Nmap Development mailing list archives

Re: Updater Investigation


From: David Fifield <david () bamsoftware com>
Date: Tue, 21 Jun 2011 09:47:53 -0700

On Thu, Jun 16, 2011 at 05:32:32PM -0500, Ron wrote:
On Tue, 7 Jun 2011 17:00:17 -0700 Fyodor <fyodor () insecure org> wrote:
On Thu, Jun 02, 2011 at 01:45:31PM -0700, Colin L. Rice wrote:
David asked me to investigate more potential updating solutions
with regards to writing an auto-updater for nmap.

Thanks Colin.  I'm not sure of this, but I'm starting to think we
might want a hybrid approach between
just-updating-platform-independent-files and updating the binaries.
For example, one option is for the updater to do the following:
[...]

Of course there is the question of what platform-independent files we
should provide.  One option is to include the latest versions in svn,
but that might be too bleeding-edge for some.  Another option is to
maintain a tag/branch in SVN.  It could get bumped forward on an
automated fashion.  Maybe a new file change could be tagged after
there are no further changes to the affected file(s) in 24 hours.  And
we could do it manually if we really badly wanted to push an awesome
new script or change into the update stream.

I'm not 100% convinced this is the right approach, but I wanted to at
least put it into writing as one option.
I think this is the right approach as well.
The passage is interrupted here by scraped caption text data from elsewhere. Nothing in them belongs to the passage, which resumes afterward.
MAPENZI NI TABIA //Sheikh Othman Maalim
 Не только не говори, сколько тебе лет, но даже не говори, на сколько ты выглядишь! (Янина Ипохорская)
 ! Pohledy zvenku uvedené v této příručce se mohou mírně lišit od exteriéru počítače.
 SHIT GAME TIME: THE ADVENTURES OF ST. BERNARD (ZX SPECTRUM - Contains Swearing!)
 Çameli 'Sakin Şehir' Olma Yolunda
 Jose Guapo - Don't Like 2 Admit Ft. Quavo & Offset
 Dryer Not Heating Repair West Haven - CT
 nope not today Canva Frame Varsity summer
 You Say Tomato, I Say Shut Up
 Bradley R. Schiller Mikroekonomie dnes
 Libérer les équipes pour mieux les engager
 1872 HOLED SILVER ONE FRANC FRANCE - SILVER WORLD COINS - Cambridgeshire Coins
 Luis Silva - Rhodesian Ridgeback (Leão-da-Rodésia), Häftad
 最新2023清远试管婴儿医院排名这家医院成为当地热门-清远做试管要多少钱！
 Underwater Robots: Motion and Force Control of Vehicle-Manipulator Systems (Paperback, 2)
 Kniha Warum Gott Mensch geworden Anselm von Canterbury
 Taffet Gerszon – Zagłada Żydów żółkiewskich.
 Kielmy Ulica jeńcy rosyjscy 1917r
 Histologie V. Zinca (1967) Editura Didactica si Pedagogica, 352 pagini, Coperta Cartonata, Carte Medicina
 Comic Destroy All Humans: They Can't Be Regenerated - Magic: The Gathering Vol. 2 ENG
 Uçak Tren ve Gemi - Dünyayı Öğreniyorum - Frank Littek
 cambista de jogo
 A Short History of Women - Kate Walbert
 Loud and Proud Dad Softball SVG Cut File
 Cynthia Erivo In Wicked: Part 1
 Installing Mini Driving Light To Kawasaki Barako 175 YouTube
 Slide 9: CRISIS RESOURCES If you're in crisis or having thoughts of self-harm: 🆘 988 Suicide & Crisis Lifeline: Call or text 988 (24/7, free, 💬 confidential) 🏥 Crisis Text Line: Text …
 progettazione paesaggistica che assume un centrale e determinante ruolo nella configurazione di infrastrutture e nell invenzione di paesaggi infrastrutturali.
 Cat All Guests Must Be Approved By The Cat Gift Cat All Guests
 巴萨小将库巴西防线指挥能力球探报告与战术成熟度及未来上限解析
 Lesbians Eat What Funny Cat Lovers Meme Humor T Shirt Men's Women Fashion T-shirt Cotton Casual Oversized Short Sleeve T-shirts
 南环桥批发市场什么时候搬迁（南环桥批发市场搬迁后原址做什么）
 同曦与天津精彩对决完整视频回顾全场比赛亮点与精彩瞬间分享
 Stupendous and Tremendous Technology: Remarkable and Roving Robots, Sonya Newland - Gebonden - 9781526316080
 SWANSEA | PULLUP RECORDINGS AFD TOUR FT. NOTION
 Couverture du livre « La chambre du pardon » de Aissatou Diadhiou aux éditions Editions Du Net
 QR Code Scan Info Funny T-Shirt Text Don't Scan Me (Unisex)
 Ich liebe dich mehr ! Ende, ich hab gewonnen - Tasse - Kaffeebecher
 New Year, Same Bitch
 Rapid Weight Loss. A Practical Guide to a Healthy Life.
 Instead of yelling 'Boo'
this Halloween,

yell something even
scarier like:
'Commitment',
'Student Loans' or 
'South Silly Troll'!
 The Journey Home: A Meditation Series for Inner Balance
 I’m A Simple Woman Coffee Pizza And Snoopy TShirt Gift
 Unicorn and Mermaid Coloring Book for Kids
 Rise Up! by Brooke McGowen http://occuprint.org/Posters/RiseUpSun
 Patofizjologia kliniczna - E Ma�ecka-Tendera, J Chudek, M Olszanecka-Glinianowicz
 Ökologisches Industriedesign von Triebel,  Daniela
I was going to suggest the same thing. 

One big advantage is that this is compatible with the various Linux
packaging systems that maintain the binaries, and can also be
potentially compatible with Windows/Mac auto-updaters since you aren't
changing the binary files - you're leaving those up to the user to
change on their own. That's a good thing, I think. You're getting the
scripts - which, by design, change quickly - and leaving the core -
which, by design, should be stable and only change periodically. 

I don't see how excluding binaries is any more compatible. Linux
packaging owns the non-binary files too. Maybe you mean that we set up a
reserved (initially empty) directory for updated files, that would be
explicitly outside the scope of other package management?